WHAT TO WORK ON: Word for word, copy the data that follows and skip its pictures.

EXERCISE DATA:

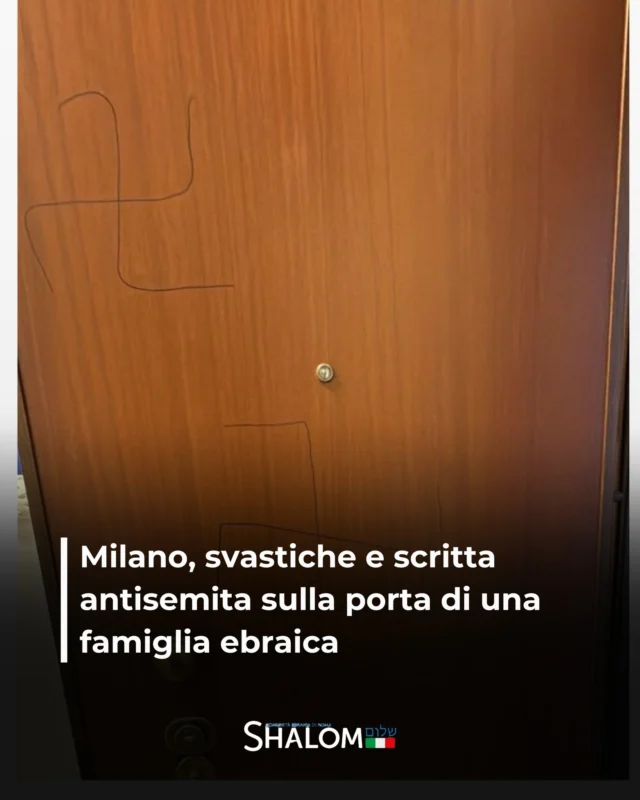 Grave episodio di antisemitismo a Milano. Due svastiche e la scritta "ebree bastarde" sono apparse sulla porta di un appartamento di una famiglia ebraica in zona di Forze Armate, a Milano.

Leggi di più su Shalom.it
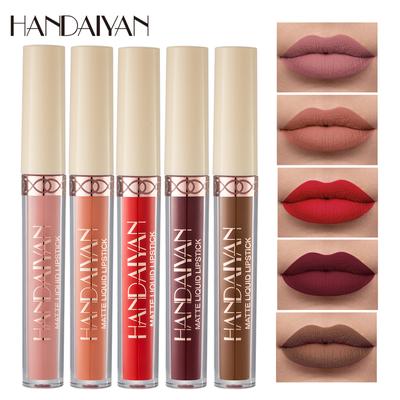 HANDAIYAN Matte Velvet 12-цветный жидкий блеск для губ - стойкая водостойкая помада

SOLUTION TO THE EXERCISE:
 Grave episodio di antisemitismo a Milano. Due svastiche e la scritta "ebree bastarde" sono apparse sulla porta di un appartamento di una famiglia ebraica in zona di Forze Armate, a Milano.

Leggi di più su Shalom.it
 HANDAIYAN Matte Velvet 12-цветный жидкий блеск для губ - стойкая водостойкая помада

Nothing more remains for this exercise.